A complete, word-for-word restatement of the entries is needed.

→ Supplied material:
###
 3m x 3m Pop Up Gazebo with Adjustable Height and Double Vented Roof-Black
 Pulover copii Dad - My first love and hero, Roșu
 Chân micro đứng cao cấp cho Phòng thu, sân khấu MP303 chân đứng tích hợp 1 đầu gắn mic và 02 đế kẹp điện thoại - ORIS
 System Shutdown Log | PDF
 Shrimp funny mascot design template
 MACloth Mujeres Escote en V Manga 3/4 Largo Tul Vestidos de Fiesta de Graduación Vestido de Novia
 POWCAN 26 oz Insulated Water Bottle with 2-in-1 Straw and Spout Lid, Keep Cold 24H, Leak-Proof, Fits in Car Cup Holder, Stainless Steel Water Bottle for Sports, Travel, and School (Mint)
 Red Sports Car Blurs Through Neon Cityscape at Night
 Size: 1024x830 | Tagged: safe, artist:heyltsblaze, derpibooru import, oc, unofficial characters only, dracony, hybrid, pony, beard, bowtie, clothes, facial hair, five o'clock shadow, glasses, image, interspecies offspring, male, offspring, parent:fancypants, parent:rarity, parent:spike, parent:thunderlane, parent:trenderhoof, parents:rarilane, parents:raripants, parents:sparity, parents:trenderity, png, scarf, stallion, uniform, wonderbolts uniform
###
→ The completed task:
 3m x 3m Pop Up Gazebo with Adjustable Height and Double Vented Roof-Black
 Pulover copii Dad - My first love and hero, Roșu
 Chân micro đứng cao cấp cho Phòng thu, sân khấu MP303 chân đứng tích hợp 1 đầu gắn mic và 02 đế kẹp điện thoại - ORIS
 System Shutdown Log | PDF
 Shrimp funny mascot design template
 MACloth Mujeres Escote en V Manga 3/4 Largo Tul Vestidos de Fiesta de Graduación Vestido de Novia
 POWCAN 26 oz Insulated Water Bottle with 2-in-1 Straw and Spout Lid, Keep Cold 24H, Leak-Proof, Fits in Car Cup Holder, Stainless Steel Water Bottle for Sports, Travel, and School (Mint)
 Red Sports Car Blurs Through Neon Cityscape at Night
 Size: 1024x830 | Tagged: safe, artist:heyltsblaze, derpibooru import, oc, unofficial characters only, dracony, hybrid, pony, beard, bowtie, clothes, facial hair, five o'clock shadow, glasses, image, interspecies offspring, male, offspring, parent:fancypants, parent:rarity, parent:spike, parent:thunderlane, parent:trenderhoof, parents:rarilane, parents:raripants, parents:sparity, parents:trenderity, png, scarf, stallion, uniform, wonderbolts uniform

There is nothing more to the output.